By the time a series reaches its seventh book, there is always a danger of repetition. Thankfully, Jack Carr doesn’t seem interested in letting James Reece stand still. Red Sky Mourning takes the familiar ingredients fans expect—military authenticity, brutal action and global stakes—but pushes the series into fresh territory with artificial intelligence, quantum computing and the terrifying possibility of war with China.
The story finds Reece trying to leave violence behind, but peace never lasts long in his world. A rogue Chinese submarine is moving into position near the United States, a powerful tech figure is tied to dangerous advances in AI, and a compromised political figure is edging dangerously close to the highest office in the land. At the centre of it all is Alice, the quantum intelligence readers have come to know, who may be America’s greatest defence—or its most dangerous weapon.
What impressed me most was how current the novel feels. Carr has always had a knack for blending fiction with threats that feel uncomfortably close to reality, and Red Sky Mourning may be one of his most timely stories yet.
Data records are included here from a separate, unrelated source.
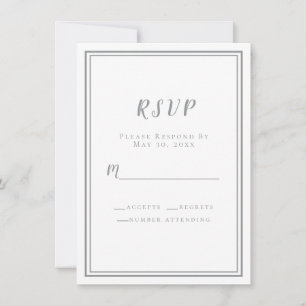 Bröllops-svar grå vit enkel modern minimalistisk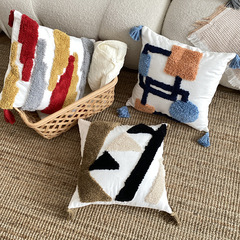 亞馬遜ins新款波西米亞簇絨幾何純棉抱枕套沙發床頭靠墊飄窗靠背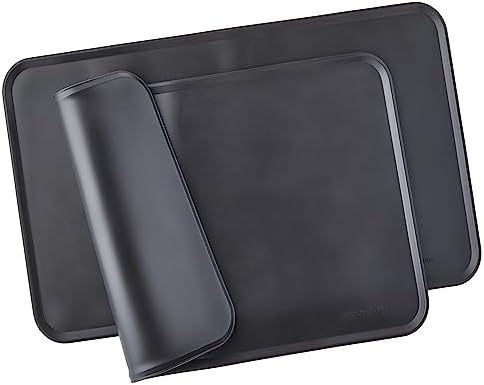 Amazon Basics Waterproof Anti-Slip Silicone Cat & Dog Food Mat, Pet Mats with Raised Edges for Food and Water Bowl to Protect Floors, 18.5 x 11.5 Inches, Black, Solid - Pack of 2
The AI angle could easily have felt gimmicky, but Carr treats it seriously, using Alice not just as a plot device but as a genuine force within the story.
James Reece remains the heart of the series. What I enjoyed here was seeing how much he has changed since The Terminal List. He is still the same lethal operator when the moment calls for it, but there is a weariness to him now. Reece feels like a man who has carried too much for too long, yet when the fuse is lit, that old warrior instinct comes roaring back.
The action is exactly what Carr fans will want. It’s tactical, intense and written with the kind of detail that makes every movement feel deliberate. Whether Reece is planning, reacting or fighting his way through impossible odds, Carr makes you feel the pressure of each decision. The violence is brutal when it needs to be, but it always serves the story.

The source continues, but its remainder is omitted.